At press time, predictions of a full-scale Russian invasion beginning on Wednesday have yet to materialize. The Russian government claimed on Tuesday that the military buildup in Crimea and on Ukraine’s border that had prompted war panic was soon ending, as the military exercises the troops were participating in had ended.

“As combat training measures are coming to a close, the troops, as is always the case, will conduct combined marches to their permanent garrisons,” a spokesman for the Russian Defense Ministry said. “Units of the Southern and Western Military Districts that have accomplished their tasks have already begun loading personnel and equipment on railway and auto transport means and will today begin heading to their military garrisons.
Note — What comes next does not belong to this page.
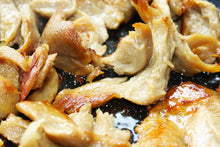 Load image into Gallery viewer, Suzy Spoons - Shredded Vegan Chicken 400g (COLD)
Several Western governments, including the Biden administration, have expressed skepticism at the claim.

Zelensky has attempted to emphasize, with little success in American corporate media, the fact that the number of Russian troops in and near Ukraine currently is not significantly different than during the same timeframe in 2021, when little concern existed for Ukraine.

“I don’t think the situation is more intense than it was at that time, at peak time in 2021,” Zelensky told reporters during a press conference in late January. “There was no such coverage at that time of Ukraine.”